▶ [How to complete this task] The line with "this 450×253 image." through the last line of the entries: give these again exactly, and only these, without any pictures.

▶ [Entries provided]
────────────────────
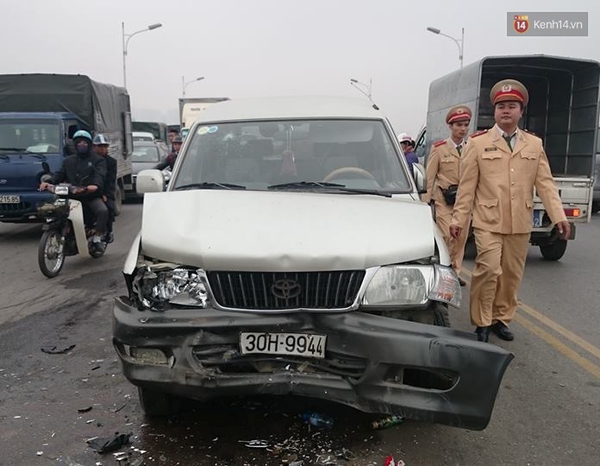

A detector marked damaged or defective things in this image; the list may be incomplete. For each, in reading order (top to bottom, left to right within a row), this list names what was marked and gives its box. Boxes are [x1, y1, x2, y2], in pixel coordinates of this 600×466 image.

broken headlight [132, 266, 209, 310]
damaged white toyota [113, 96, 516, 432]
broken headlight [360, 264, 464, 308]
crumpled front bumper [111, 296, 510, 432]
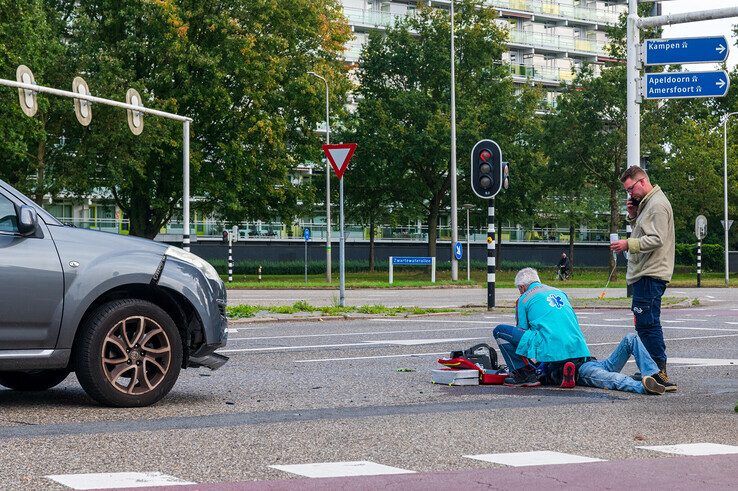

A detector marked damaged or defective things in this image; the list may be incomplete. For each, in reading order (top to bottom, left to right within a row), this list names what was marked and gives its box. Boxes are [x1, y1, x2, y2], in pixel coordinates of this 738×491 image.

damaged gray suv [0, 180, 227, 408]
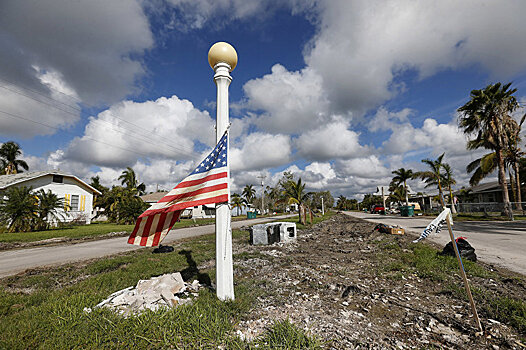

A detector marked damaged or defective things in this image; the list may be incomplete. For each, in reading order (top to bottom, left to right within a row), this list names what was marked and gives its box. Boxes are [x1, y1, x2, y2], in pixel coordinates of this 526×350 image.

damaged lawn [1, 212, 526, 348]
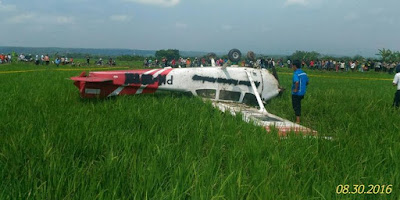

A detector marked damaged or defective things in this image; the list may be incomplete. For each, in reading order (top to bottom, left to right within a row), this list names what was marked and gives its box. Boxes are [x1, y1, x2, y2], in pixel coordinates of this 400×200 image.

crashed airplane [71, 49, 316, 136]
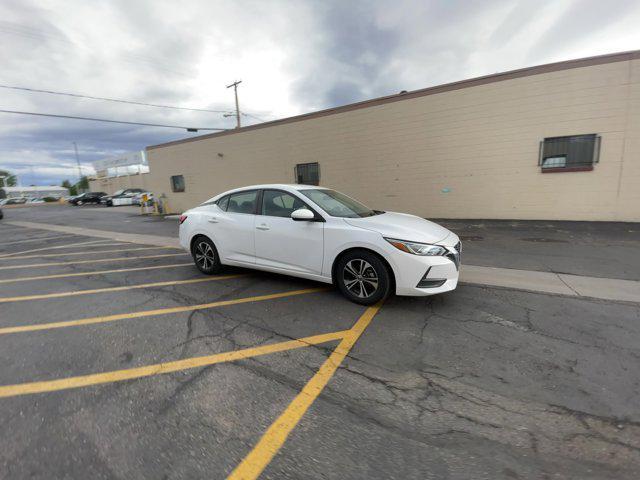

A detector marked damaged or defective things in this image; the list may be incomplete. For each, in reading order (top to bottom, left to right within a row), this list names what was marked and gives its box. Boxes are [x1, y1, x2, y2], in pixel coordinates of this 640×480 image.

cracked asphalt [0, 208, 636, 478]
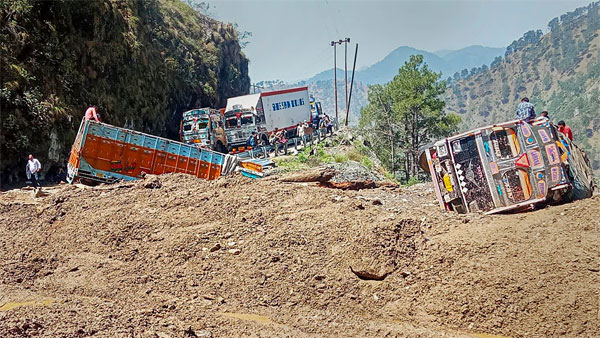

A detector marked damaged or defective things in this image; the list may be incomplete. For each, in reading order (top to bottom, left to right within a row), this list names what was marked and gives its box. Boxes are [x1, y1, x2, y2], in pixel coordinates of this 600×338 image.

overturned truck [420, 119, 592, 214]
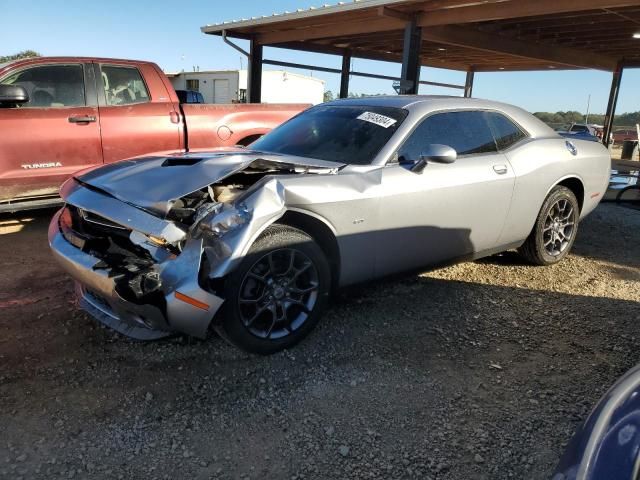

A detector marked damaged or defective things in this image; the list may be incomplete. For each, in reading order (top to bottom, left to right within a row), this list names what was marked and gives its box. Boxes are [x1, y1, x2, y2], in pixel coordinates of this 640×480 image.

bent hood [75, 150, 344, 218]
damaged dodge challenger [48, 96, 608, 352]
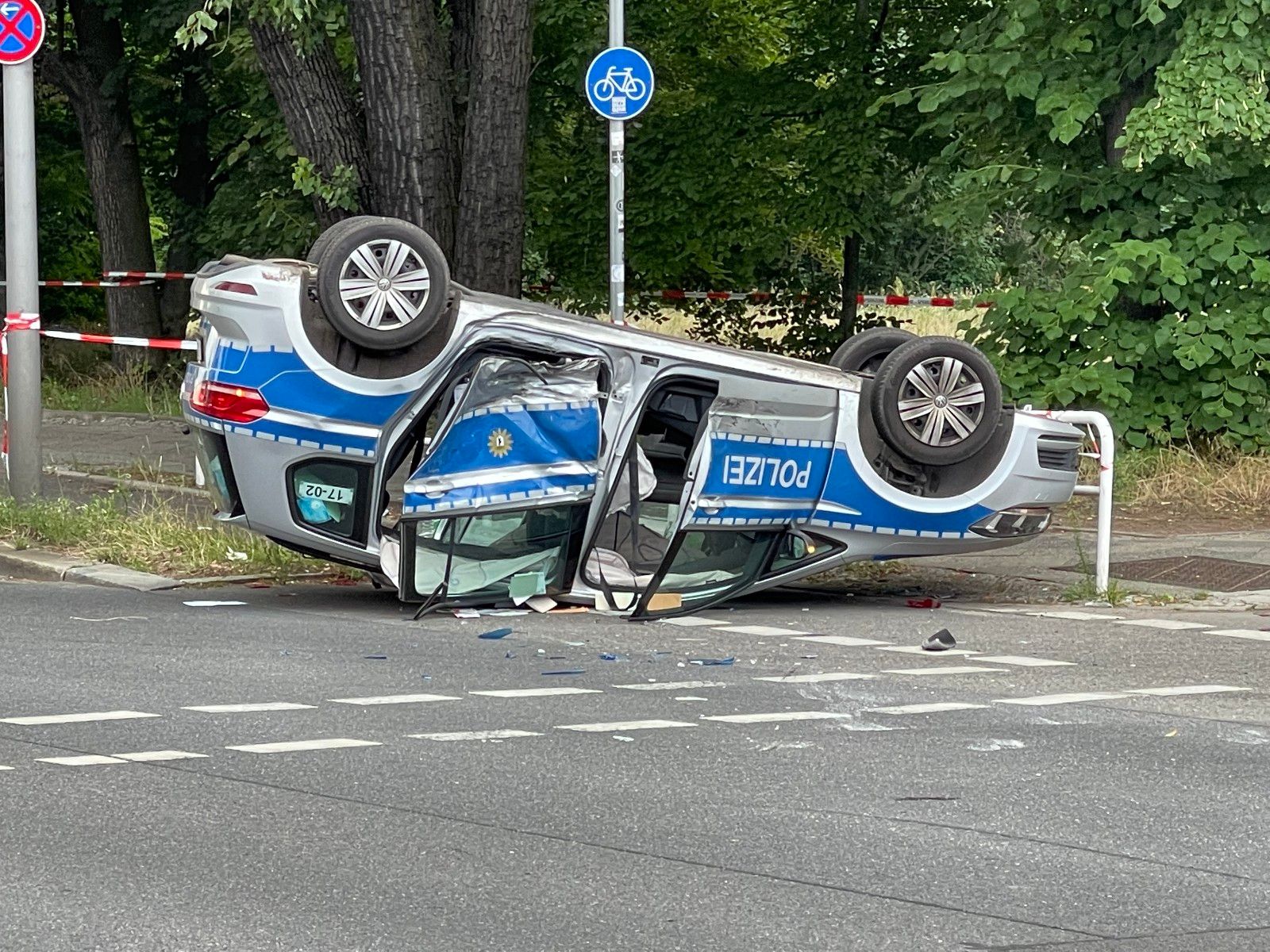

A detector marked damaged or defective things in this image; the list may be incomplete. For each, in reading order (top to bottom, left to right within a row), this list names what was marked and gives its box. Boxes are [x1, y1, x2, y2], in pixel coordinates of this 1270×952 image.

overturned police car [184, 216, 1087, 619]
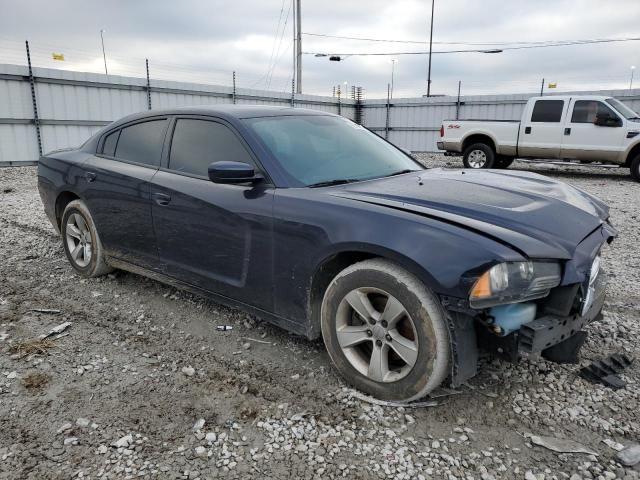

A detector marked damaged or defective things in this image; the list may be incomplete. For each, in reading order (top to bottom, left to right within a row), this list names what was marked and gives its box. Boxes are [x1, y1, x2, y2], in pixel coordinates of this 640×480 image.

exposed headlight assembly [470, 260, 560, 310]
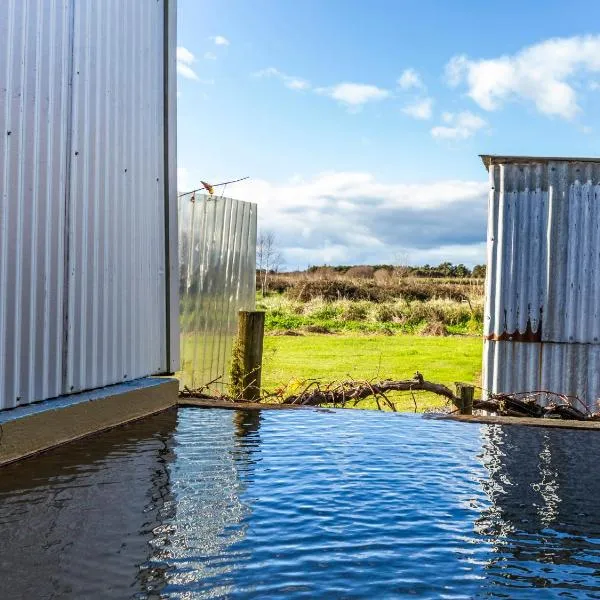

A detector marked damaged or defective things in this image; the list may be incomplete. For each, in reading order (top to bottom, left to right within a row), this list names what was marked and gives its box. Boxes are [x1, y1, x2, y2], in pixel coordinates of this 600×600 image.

rusty corrugated panel [0, 0, 72, 408]
rusty corrugated panel [482, 155, 600, 408]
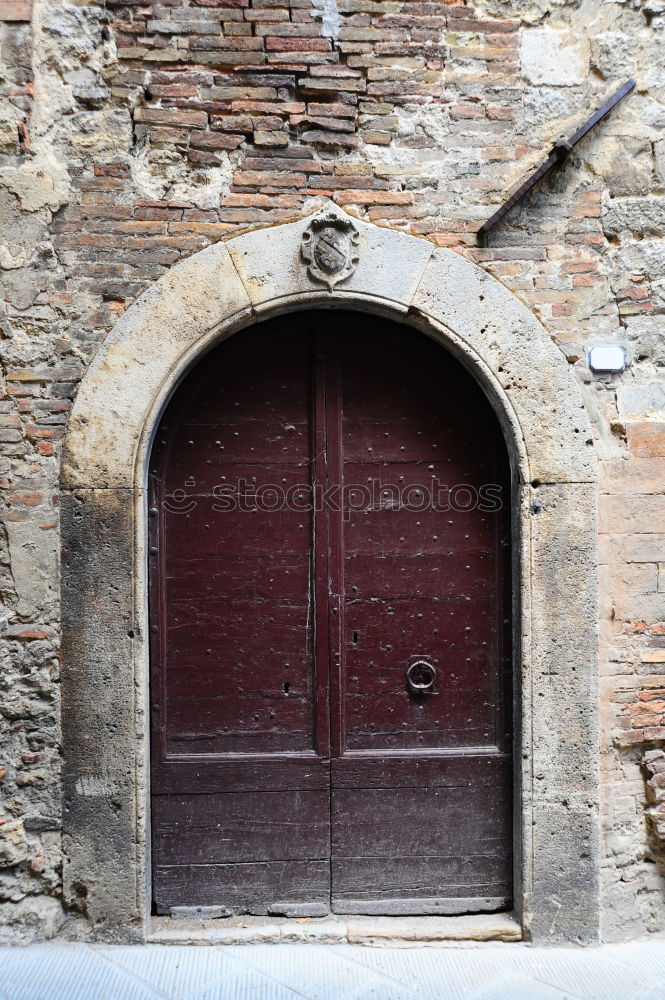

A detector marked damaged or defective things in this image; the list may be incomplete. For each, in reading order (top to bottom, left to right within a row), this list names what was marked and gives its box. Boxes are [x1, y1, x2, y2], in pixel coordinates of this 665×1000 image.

rusty iron rod [474, 79, 636, 245]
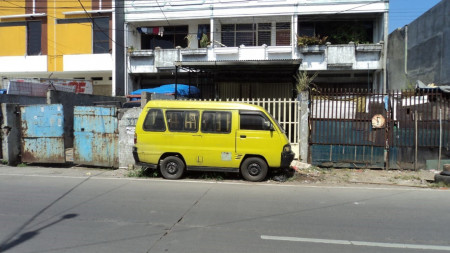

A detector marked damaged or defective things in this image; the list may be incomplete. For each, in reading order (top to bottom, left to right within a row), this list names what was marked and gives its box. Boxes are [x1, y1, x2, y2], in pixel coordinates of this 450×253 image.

rusty metal sheet [20, 104, 65, 163]
rusty metal sheet [72, 105, 118, 167]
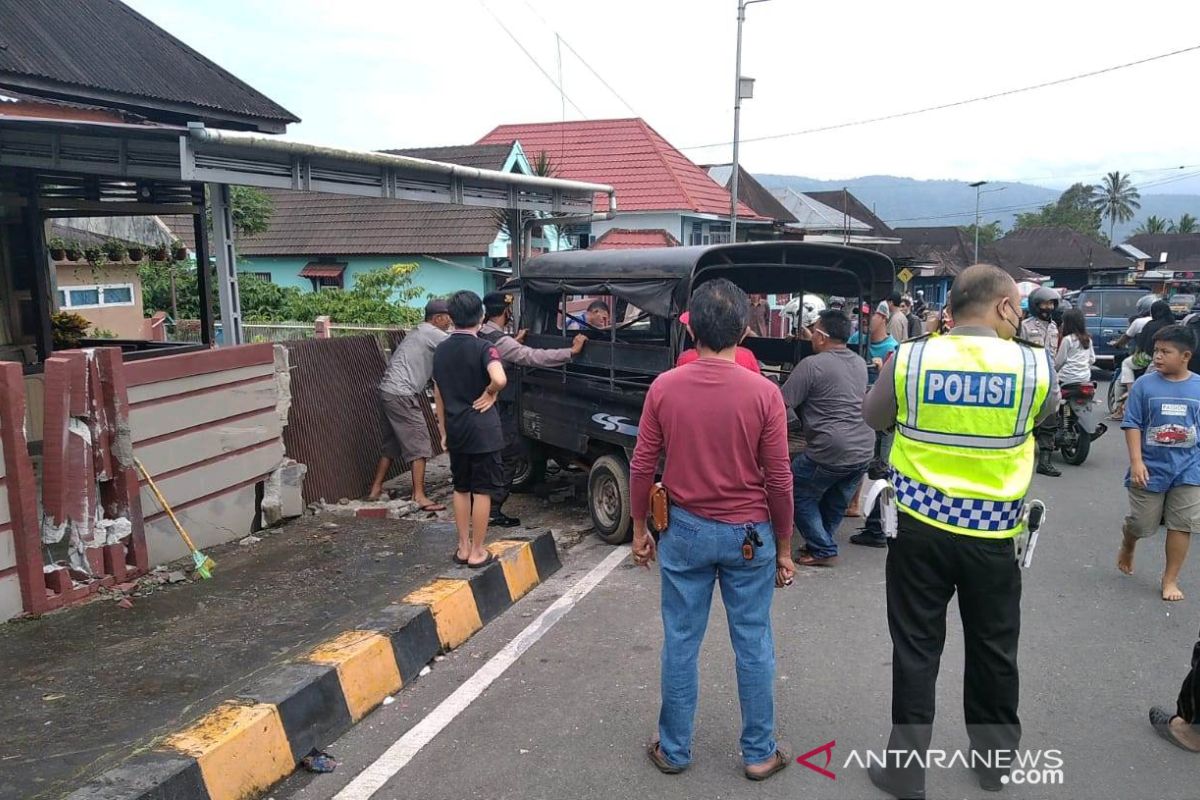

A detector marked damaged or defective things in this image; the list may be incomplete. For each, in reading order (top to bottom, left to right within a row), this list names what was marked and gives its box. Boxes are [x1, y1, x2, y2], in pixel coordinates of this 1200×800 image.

damaged wall [124, 343, 295, 563]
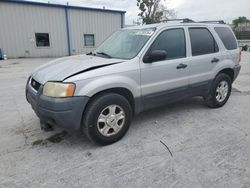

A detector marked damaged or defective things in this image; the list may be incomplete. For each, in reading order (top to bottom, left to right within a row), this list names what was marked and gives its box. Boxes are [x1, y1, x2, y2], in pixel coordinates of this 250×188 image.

dented hood [31, 54, 123, 84]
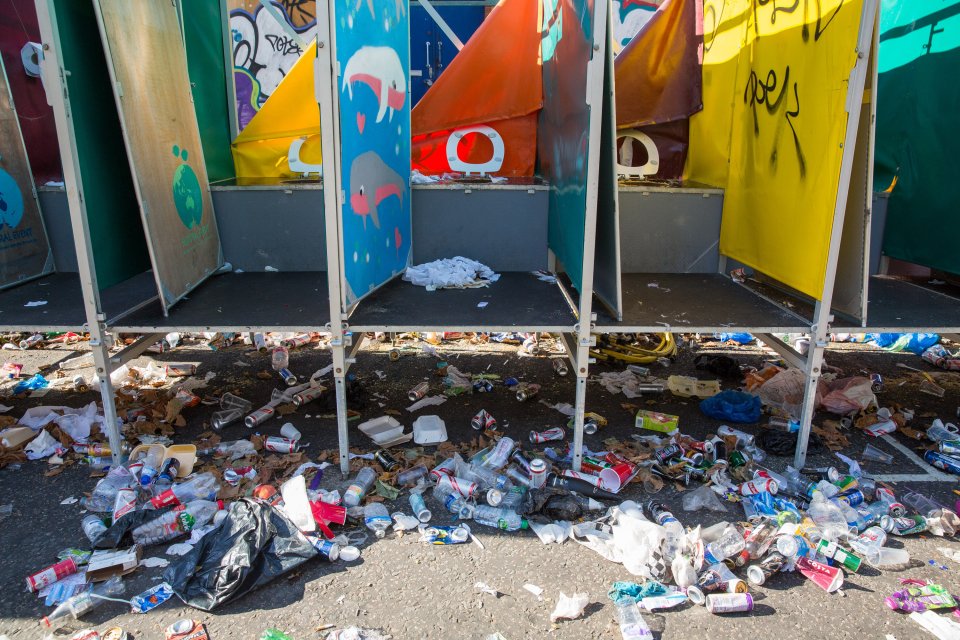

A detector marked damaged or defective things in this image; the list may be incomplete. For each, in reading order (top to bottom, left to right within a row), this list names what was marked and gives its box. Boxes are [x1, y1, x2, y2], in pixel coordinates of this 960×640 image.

torn packaging [165, 500, 316, 608]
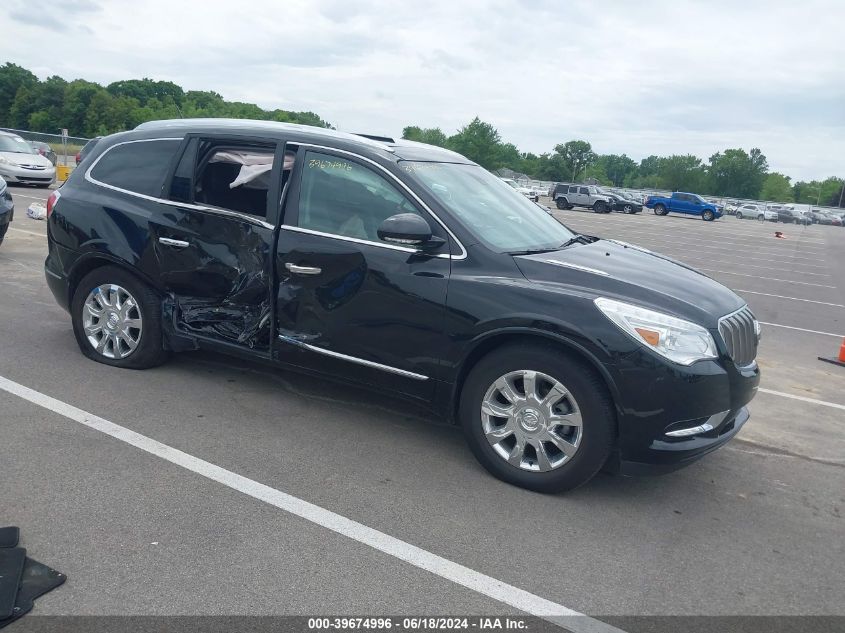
────────────────────
▶ [Answer section]
A detector marked damaged or defective things in this image; the list may be incomplete. For each, in reading order (top to bottom, left to right within a row), this list names what was marked and gives its box. Boxes are [x1, y1, x2, y2], in pixel coordinates of this 450×253 image.

rusty metal sheet [20, 104, 65, 163]
rusty metal sheet [72, 105, 118, 167]

A detector marked damaged or defective things in this image; the list may be incomplete. For each, in reading order (top to bottom, left to right within a row), this list names what was marked and gives its box. Boxes are [x1, y1, x2, y2], in pixel coordinates of this 1200×800 image.

damaged wall [124, 343, 295, 563]

A detector marked damaged or defective things in this image; the list may be incomplete. For each, in reading order (top to bottom, left to right within a row), this list names what was marked and gives its box. Boxes are [x1, y1, x2, y2], in pixel coordinates of this 250×188 image.

dented hood [31, 54, 123, 84]

A detector marked damaged or defective things in this image; the list may be incomplete. For each, in reading order (top to bottom, left to right within a row), this list names what was marked and gives its box. Boxes are [x1, y1, x2, y2], in pixel coordinates of this 960×640 image.

torn packaging [165, 500, 316, 608]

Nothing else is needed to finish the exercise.